Short text fragments from websites:
● ● ● ● ●

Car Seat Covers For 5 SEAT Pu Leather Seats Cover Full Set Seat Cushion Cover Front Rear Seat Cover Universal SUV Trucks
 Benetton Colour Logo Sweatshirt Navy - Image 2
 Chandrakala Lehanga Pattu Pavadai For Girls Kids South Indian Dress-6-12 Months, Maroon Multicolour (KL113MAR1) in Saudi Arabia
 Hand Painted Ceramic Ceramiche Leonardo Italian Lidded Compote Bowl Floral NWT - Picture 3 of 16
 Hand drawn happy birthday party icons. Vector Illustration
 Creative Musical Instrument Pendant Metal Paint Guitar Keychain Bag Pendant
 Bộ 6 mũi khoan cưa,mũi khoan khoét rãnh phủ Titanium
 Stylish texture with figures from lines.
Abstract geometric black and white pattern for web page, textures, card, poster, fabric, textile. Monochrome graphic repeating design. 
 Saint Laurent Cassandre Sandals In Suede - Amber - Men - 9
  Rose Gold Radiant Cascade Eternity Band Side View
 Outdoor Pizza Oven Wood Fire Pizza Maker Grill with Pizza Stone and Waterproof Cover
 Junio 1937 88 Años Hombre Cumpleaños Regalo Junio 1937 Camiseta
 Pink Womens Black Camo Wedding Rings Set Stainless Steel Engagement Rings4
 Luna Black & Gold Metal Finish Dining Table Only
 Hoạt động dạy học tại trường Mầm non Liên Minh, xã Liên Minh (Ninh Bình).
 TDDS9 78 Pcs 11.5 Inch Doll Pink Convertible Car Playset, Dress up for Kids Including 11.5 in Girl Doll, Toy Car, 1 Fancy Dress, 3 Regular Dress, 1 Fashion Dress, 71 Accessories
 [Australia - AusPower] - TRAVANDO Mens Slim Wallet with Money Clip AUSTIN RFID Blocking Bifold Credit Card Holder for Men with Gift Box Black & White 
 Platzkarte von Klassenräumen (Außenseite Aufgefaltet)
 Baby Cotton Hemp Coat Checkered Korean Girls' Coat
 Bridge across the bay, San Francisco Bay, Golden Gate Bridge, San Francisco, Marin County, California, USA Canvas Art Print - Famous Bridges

● ● ● ● ●

> [Task requirements]:
Repeat exactly, and only, the lines from the one containing "Abstract geometric black" through the last line above.

> [Finished task]:
Abstract geometric black and white pattern for web page, textures, card, poster, fabric, textile. Monochrome graphic repeating design. 
 Saint Laurent Cassandre Sandals In Suede - Amber - Men - 9
  Rose Gold Radiant Cascade Eternity Band Side View
 Outdoor Pizza Oven Wood Fire Pizza Maker Grill with Pizza Stone and Waterproof Cover
 Junio 1937 88 Años Hombre Cumpleaños Regalo Junio 1937 Camiseta
 Pink Womens Black Camo Wedding Rings Set Stainless Steel Engagement Rings4
 Luna Black & Gold Metal Finish Dining Table Only
 Hoạt động dạy học tại trường Mầm non Liên Minh, xã Liên Minh (Ninh Bình).
 TDDS9 78 Pcs 11.5 Inch Doll Pink Convertible Car Playset, Dress up for Kids Including 11.5 in Girl Doll, Toy Car, 1 Fancy Dress, 3 Regular Dress, 1 Fashion Dress, 71 Accessories
 [Australia - AusPower] - TRAVANDO Mens Slim Wallet with Money Clip AUSTIN RFID Blocking Bifold Credit Card Holder for Men with Gift Box Black & White 
 Platzkarte von Klassenräumen (Außenseite Aufgefaltet)
 Baby Cotton Hemp Coat Checkered Korean Girls' Coat
 Bridge across the bay, San Francisco Bay, Golden Gate Bridge, San Francisco, Marin County, California, USA Canvas Art Print - Famous Bridges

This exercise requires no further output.